▶ **EXERCISE DESCRIPTION**:
Identify the line with "Revestimiento vinílico sobre"; copy word for word that line and every one after it, to the end of the listing. Exclude pictures.

▶ **PROVIDED RECORDS**:
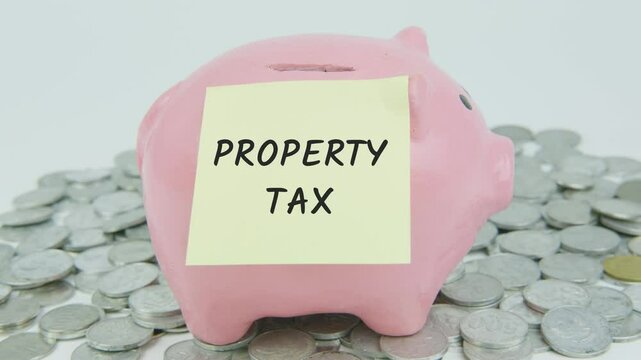 Property Tax text on yellow note paper with a hand inserting coins into a pink piggy bank, surrounded by coins on a white background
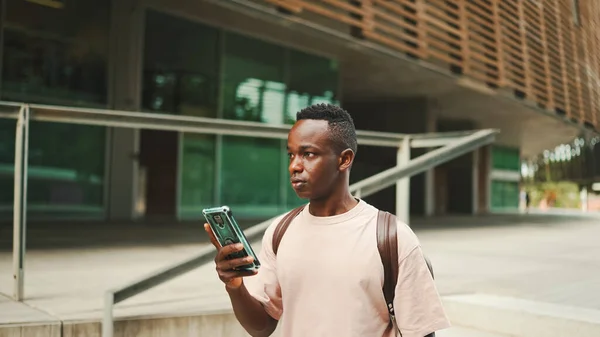Young african student walks down the stairs outside of the university, using cellphone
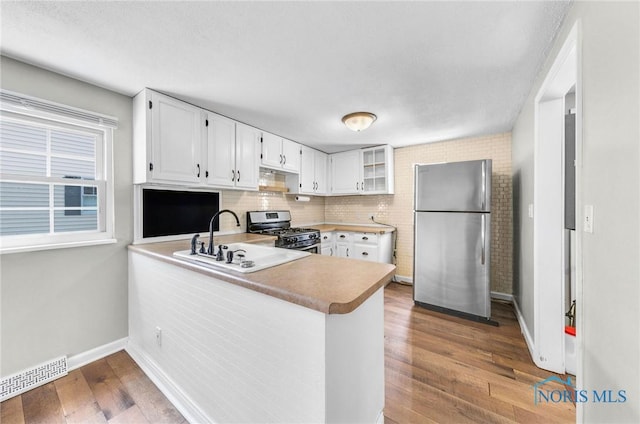 21 Pennsylvania Ave, Waterville, OH 43566 - kitchen with appliances with stainless steel finishes, a peninsula, a sink, wood finished floors, and baseboards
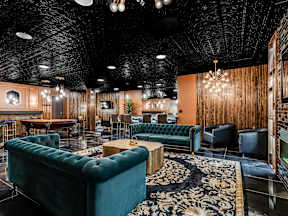 A room with a dark ceiling and a green couch.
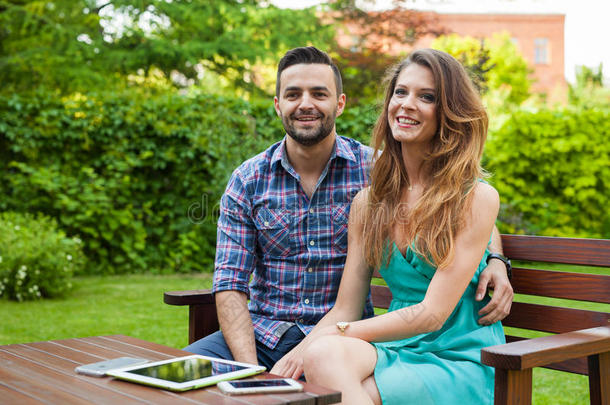 一对夫妇坐在花园里的长凳上自拍。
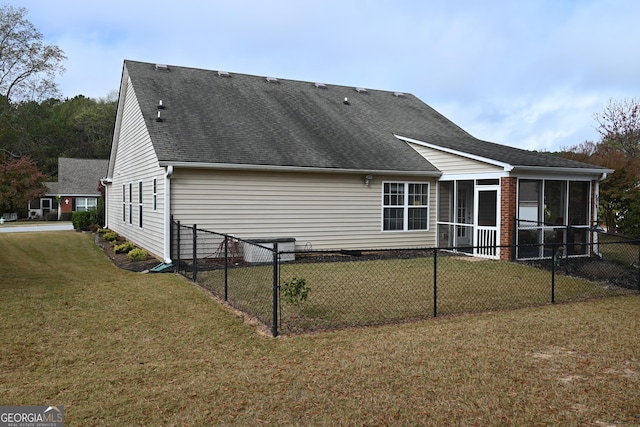 rear view of property featuring a sunroom, a shingled roof, fence, and a lawn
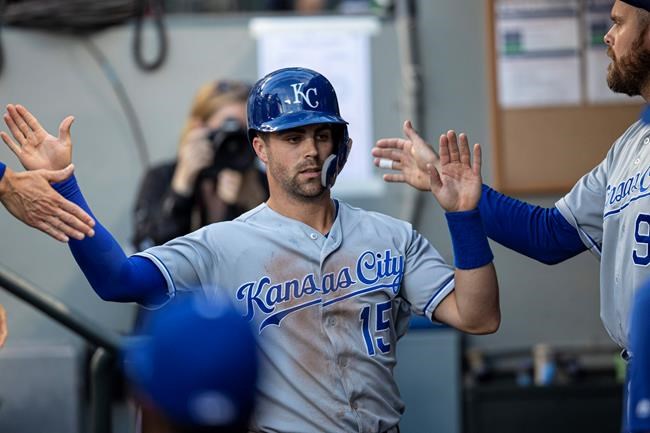 Kansas City Royals' Whit Merrifield is congratulated by teammates after scoring a run on a single by teammate Cheslor Cuthbert off Seattle Mariners starting pitcher Tayler Scott during the first inning of a baseball game, Monday, June 17, 2019, in Seattle. (AP Photo/Stephen Brashear)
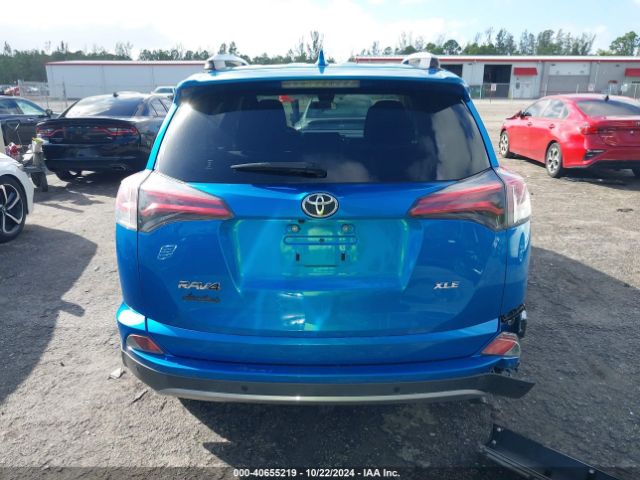 JTMWFREVXJJ164935 Toyota Rav4 Adventure/xle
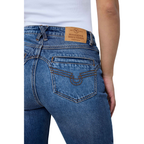 Close-up back view of a person wearing blue denim jeans with a tan leather Ringers Western waistband patch and a white top visible at the waist.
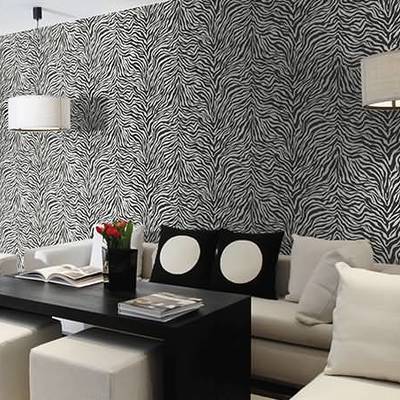 Revestimiento vinílico sobre gotelé en pared de salónsalón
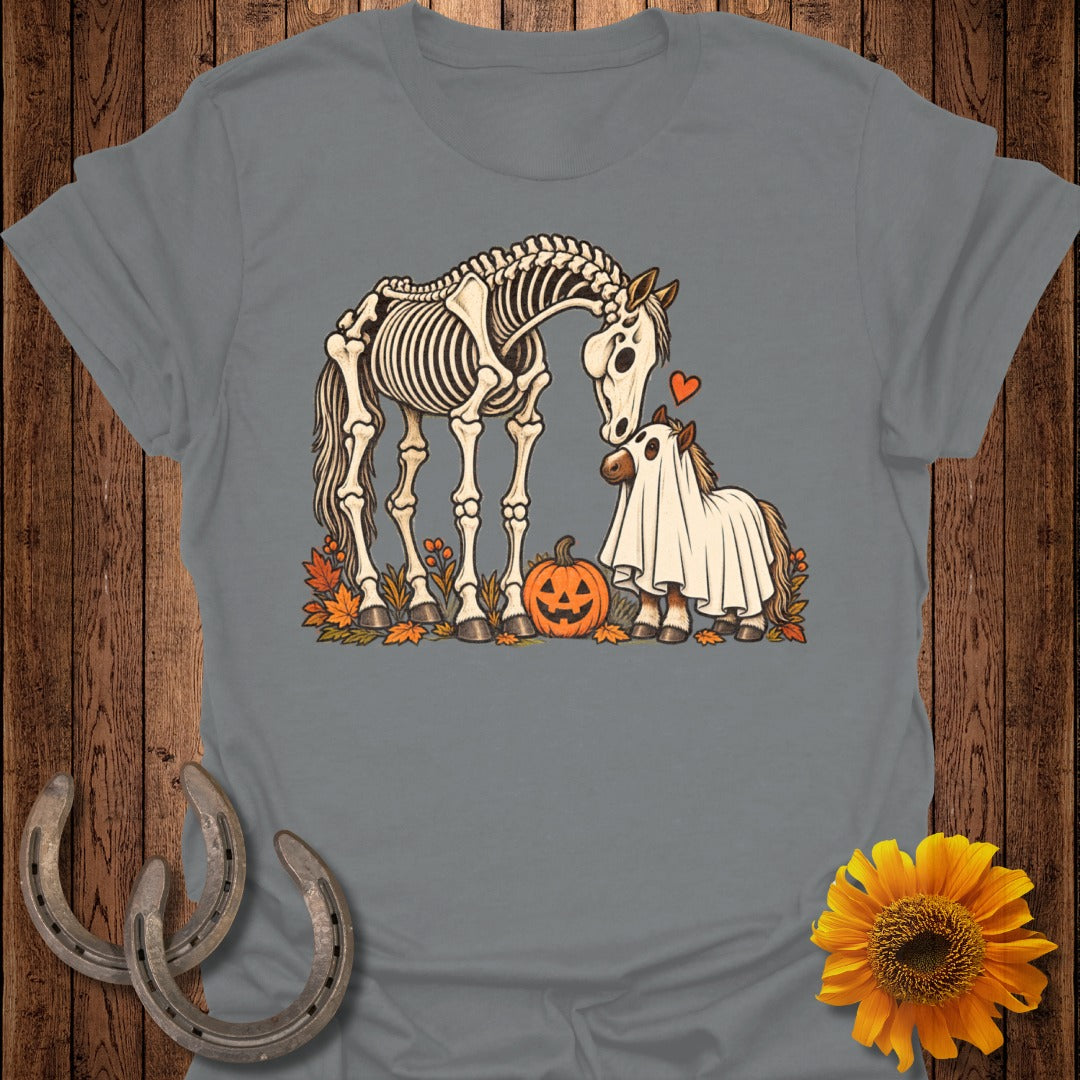 Skeleton horse and foal in ghost costume with pumpkin and autumn leaves.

▶ **OUTPUT**:
 Revestimiento vinílico sobre gotelé en pared de salónsalón
 Skeleton horse and foal in ghost costume with pumpkin and autumn leaves.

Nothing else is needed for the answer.